THE first glimpse of Berryan is almost startling. On each side of the ravine up which we rode was an empty watercourse, built up of unmortared stone, and showing that the constructors had contemplated the possibility of rain even here. On turning the shoulder of a hill to our left, up started a palm-grove straight before us, fenced with dry stone walls, which were protected by prickly shrubs at the top. The glaring white cliffs on either side, and the deep green feathery foliage of the palm, combined to render the scene more like the background of a stage than the palm-garden of sober cultivation. We turned the corner of the plantation, and descended into a narrow lane. On the left the date-palms were in full luxuriance, on the right was the sterile mountain range, till, stern nature yielding to patient toil, the groves skirted the road on either side.

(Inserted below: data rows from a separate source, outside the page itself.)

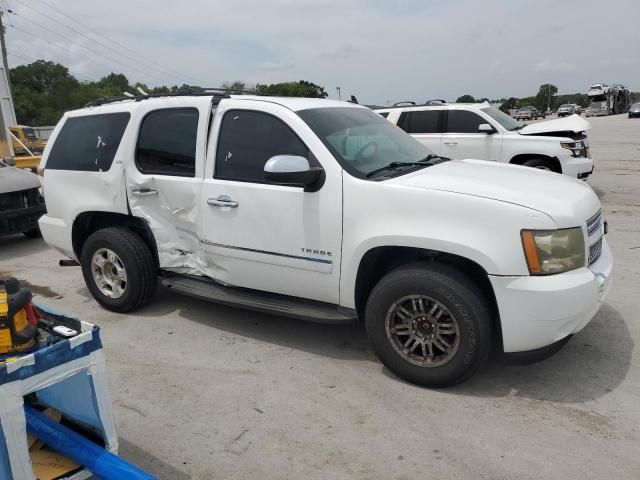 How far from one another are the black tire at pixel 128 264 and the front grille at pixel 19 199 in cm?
363

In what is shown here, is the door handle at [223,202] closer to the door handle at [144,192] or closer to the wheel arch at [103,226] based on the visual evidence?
the door handle at [144,192]

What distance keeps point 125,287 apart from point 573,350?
12.3 ft

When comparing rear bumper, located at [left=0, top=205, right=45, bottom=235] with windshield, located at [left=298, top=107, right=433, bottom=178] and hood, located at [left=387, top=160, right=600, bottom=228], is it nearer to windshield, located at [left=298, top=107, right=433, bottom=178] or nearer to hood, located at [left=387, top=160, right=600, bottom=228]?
windshield, located at [left=298, top=107, right=433, bottom=178]

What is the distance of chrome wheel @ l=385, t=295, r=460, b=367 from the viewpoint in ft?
11.1

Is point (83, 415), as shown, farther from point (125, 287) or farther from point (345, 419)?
point (125, 287)

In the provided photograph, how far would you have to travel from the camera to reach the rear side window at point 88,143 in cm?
482

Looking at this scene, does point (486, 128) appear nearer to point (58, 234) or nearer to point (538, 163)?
point (538, 163)

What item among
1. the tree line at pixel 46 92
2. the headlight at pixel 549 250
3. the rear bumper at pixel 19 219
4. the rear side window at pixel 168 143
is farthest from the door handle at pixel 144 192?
the tree line at pixel 46 92

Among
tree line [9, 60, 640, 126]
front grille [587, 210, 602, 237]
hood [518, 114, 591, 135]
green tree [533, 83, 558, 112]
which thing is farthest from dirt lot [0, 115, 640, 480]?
green tree [533, 83, 558, 112]

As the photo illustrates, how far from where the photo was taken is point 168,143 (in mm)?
4520

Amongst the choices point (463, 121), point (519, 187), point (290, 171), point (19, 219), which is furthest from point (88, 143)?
point (463, 121)

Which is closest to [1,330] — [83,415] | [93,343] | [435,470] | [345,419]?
[93,343]

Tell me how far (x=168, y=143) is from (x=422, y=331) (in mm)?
2603

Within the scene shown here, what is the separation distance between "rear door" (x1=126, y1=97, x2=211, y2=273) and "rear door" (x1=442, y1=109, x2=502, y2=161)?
22.5 ft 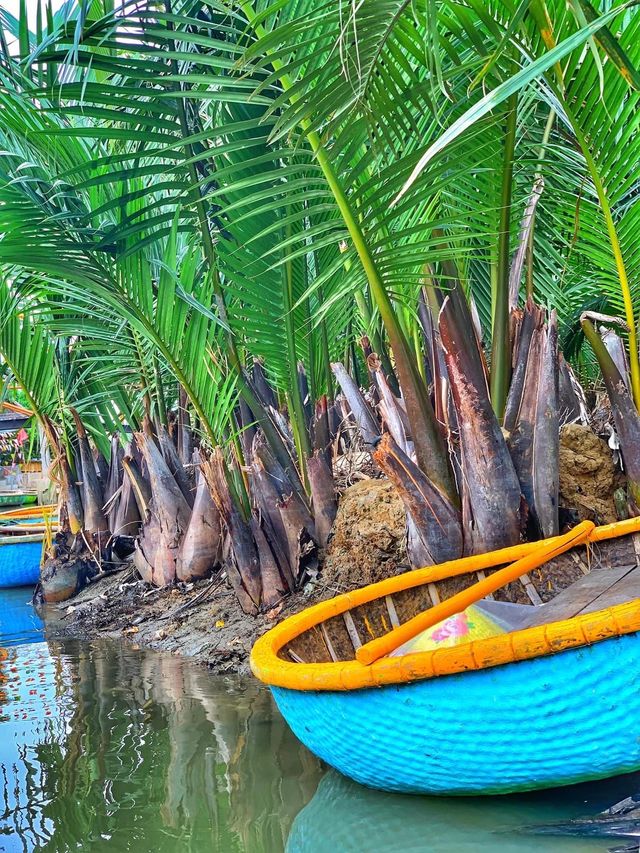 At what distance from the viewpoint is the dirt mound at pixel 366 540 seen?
14.2 ft

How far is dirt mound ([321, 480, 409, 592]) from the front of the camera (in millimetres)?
4320

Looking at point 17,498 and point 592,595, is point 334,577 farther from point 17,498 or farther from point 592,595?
point 17,498

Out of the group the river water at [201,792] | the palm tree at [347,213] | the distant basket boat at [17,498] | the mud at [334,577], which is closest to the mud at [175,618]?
the mud at [334,577]

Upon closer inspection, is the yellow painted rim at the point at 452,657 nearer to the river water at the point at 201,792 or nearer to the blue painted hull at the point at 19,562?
the river water at the point at 201,792

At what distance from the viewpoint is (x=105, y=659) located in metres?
5.02

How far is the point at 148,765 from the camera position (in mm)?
3105

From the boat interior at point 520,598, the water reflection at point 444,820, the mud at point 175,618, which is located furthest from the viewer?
the mud at point 175,618

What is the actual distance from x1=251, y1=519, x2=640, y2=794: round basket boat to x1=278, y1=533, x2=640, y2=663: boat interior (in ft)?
1.38

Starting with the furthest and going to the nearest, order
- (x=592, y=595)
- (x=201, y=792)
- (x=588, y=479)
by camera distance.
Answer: (x=588, y=479) < (x=592, y=595) < (x=201, y=792)

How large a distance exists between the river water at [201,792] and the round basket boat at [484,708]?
0.11m

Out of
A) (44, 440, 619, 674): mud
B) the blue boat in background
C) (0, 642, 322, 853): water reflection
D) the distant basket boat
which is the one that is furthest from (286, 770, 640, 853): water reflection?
the distant basket boat

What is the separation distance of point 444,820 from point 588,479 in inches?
84.6

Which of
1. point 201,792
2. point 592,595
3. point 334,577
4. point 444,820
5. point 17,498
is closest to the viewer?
point 444,820

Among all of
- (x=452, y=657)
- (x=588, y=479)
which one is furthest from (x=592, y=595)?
(x=588, y=479) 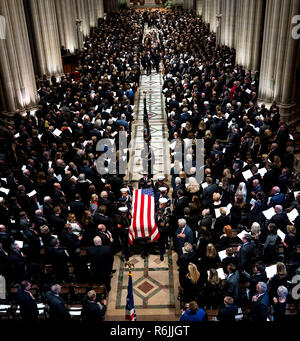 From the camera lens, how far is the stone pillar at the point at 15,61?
17.5 m

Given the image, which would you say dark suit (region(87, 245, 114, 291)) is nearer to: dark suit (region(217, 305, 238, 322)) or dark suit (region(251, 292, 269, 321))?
dark suit (region(217, 305, 238, 322))

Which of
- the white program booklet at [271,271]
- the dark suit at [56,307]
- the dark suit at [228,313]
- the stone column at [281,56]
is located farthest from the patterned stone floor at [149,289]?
the stone column at [281,56]

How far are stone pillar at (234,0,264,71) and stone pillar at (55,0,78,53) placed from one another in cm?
1314

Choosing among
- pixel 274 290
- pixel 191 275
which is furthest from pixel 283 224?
pixel 191 275

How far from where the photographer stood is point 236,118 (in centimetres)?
1516

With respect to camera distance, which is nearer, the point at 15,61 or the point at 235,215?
the point at 235,215

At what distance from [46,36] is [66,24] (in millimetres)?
7517

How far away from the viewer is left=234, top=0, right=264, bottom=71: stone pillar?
23100 millimetres

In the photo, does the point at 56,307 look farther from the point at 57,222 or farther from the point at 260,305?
the point at 260,305

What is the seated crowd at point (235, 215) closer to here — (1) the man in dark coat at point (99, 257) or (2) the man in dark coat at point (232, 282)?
(2) the man in dark coat at point (232, 282)

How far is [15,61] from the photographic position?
18.1m

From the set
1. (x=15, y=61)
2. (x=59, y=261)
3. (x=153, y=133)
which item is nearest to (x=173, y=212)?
(x=59, y=261) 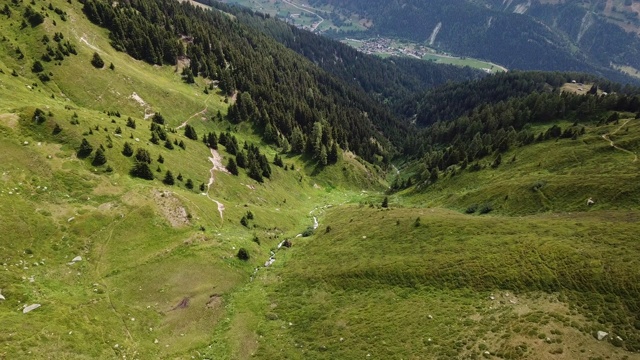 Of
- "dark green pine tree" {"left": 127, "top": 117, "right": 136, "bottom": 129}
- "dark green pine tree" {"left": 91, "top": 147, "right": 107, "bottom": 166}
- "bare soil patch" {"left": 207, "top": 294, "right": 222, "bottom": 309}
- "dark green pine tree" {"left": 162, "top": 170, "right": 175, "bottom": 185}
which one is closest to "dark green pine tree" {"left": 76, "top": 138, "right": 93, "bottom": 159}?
"dark green pine tree" {"left": 91, "top": 147, "right": 107, "bottom": 166}

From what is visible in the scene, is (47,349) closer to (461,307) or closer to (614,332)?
(461,307)

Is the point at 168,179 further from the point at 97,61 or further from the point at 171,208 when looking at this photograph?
the point at 97,61

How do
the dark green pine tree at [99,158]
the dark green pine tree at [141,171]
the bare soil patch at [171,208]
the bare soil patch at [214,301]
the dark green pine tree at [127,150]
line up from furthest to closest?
the dark green pine tree at [127,150] < the dark green pine tree at [141,171] < the dark green pine tree at [99,158] < the bare soil patch at [171,208] < the bare soil patch at [214,301]

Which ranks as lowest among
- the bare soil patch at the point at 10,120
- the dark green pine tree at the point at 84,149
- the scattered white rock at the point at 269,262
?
the scattered white rock at the point at 269,262

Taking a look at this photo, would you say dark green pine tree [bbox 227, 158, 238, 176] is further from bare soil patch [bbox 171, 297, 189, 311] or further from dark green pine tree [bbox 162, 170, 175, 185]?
bare soil patch [bbox 171, 297, 189, 311]

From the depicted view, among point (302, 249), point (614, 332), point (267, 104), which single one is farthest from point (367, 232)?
point (267, 104)

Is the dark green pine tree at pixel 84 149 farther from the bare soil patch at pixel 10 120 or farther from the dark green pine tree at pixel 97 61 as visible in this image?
the dark green pine tree at pixel 97 61

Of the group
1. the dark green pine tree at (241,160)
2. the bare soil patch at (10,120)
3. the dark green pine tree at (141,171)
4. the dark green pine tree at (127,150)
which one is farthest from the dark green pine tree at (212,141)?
the bare soil patch at (10,120)

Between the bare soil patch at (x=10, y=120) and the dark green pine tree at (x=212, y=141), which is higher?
the bare soil patch at (x=10, y=120) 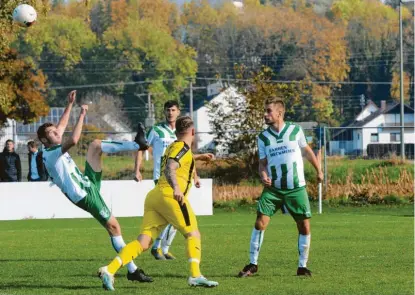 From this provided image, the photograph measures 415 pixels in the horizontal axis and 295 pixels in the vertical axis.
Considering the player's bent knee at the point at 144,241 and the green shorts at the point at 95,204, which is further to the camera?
the green shorts at the point at 95,204

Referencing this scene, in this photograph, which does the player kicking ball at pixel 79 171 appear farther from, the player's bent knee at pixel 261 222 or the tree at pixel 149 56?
the tree at pixel 149 56

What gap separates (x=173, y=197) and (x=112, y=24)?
442 feet

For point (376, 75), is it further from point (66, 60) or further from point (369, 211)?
point (369, 211)

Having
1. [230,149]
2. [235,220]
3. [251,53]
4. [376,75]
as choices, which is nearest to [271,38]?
[251,53]

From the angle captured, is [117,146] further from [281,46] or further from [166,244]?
[281,46]

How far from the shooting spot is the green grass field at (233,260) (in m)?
12.1

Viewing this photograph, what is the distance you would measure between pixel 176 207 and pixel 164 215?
0.19 meters

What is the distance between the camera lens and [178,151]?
A: 1199 cm

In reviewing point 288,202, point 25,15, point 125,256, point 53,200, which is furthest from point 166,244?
point 53,200

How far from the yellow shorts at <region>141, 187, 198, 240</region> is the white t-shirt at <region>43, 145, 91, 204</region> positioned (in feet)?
3.04

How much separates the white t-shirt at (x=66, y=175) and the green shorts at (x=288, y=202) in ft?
7.39

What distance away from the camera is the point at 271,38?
132 m

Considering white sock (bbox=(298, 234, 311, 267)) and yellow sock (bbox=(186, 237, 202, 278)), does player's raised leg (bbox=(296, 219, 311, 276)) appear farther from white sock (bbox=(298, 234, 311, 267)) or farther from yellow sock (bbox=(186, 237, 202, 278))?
yellow sock (bbox=(186, 237, 202, 278))

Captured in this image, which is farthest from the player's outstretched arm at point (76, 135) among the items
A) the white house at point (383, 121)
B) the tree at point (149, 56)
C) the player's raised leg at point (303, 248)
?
the tree at point (149, 56) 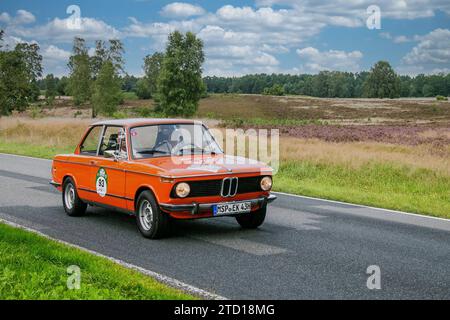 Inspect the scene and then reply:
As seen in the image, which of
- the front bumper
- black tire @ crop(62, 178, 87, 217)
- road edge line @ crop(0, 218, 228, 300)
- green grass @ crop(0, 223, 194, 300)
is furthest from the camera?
black tire @ crop(62, 178, 87, 217)

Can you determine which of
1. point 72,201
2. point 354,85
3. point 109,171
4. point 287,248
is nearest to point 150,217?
point 109,171

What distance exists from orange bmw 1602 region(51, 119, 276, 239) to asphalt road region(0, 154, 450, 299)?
39 cm

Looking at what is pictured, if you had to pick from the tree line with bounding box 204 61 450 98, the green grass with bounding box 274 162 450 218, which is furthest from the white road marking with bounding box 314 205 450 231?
the tree line with bounding box 204 61 450 98

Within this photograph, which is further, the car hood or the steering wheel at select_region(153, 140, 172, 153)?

Now we entered an open space, with low black Arab tents, gaunt camels, and yelping pariah dogs. High perched above, a white sepulchre glared conspicuously. The town soon opened on the hill-side, consisting of

flat-roofed, mud-plastered, windowless edifices, many of them with brown-looking arcades on the first floor. On the summit of the hill culminated the Semaâr or mosque, with a great quadrangular tower, like an immense factory chimney, brought abruptly to a point.

We passed a cemetery to the left, sloping to the ravine like that on the banks of the Kedron at Jerusalem, and then entered a narrow gateway, for the city is fortified by a dry stone wall plastered with mud, and defended by square towers, now crumbling to decay. The narrow streets were lined by white-burnoused natives sitting on the ground in long rows, all gazing and some saluting as we passed.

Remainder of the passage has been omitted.